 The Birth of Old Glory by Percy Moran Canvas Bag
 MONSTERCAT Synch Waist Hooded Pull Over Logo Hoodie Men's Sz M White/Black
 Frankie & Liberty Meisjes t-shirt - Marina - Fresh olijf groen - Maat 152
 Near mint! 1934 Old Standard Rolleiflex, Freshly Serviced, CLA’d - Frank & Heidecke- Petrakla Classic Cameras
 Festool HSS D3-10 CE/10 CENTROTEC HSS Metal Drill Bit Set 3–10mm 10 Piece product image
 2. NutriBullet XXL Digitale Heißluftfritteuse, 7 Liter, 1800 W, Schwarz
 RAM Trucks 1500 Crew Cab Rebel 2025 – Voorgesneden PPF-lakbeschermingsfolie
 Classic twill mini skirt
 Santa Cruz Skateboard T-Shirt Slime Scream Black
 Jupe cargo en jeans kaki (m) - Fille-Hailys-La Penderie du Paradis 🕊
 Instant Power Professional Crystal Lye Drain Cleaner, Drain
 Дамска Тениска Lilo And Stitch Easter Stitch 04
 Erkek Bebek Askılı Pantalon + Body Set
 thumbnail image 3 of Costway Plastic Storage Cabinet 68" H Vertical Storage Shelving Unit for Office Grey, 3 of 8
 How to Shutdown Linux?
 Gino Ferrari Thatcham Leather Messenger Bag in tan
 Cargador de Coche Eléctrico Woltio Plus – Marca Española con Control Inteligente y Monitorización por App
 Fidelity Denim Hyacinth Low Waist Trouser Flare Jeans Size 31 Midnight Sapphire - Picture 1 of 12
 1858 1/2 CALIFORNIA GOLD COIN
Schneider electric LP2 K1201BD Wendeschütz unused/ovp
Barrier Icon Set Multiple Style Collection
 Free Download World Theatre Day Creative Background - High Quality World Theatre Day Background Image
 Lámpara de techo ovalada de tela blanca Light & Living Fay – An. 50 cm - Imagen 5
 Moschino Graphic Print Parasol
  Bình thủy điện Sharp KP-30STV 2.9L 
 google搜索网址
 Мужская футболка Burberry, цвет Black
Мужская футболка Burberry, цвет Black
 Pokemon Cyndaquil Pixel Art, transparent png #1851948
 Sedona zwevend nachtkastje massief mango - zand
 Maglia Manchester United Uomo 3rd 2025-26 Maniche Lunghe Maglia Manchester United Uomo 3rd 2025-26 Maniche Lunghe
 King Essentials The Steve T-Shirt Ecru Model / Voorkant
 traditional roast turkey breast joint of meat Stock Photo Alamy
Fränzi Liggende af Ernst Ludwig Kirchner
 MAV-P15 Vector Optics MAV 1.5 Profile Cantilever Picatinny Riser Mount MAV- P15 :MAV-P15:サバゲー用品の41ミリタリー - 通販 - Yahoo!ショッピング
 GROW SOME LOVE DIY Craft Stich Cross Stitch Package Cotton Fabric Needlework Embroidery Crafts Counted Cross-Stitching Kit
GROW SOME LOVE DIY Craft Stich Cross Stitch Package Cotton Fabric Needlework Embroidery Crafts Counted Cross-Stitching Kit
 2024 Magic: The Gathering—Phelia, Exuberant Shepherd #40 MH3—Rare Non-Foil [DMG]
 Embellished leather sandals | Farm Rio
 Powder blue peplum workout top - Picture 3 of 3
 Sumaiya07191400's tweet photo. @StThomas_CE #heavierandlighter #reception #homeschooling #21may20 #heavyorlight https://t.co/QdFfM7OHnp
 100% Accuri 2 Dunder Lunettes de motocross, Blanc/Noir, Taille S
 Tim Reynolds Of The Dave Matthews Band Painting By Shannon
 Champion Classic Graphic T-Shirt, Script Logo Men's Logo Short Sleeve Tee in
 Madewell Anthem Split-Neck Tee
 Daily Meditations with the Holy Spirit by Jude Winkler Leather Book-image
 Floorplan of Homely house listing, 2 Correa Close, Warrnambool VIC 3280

→ **TASK OBJECTIVE**:
From the entries above, copy each line holding "Graphic".

→ **RESULT FOR THIS TASK**:
 Moschino Graphic Print Parasol
 Champion Classic Graphic T-Shirt, Script Logo Men's Logo Short Sleeve Tee in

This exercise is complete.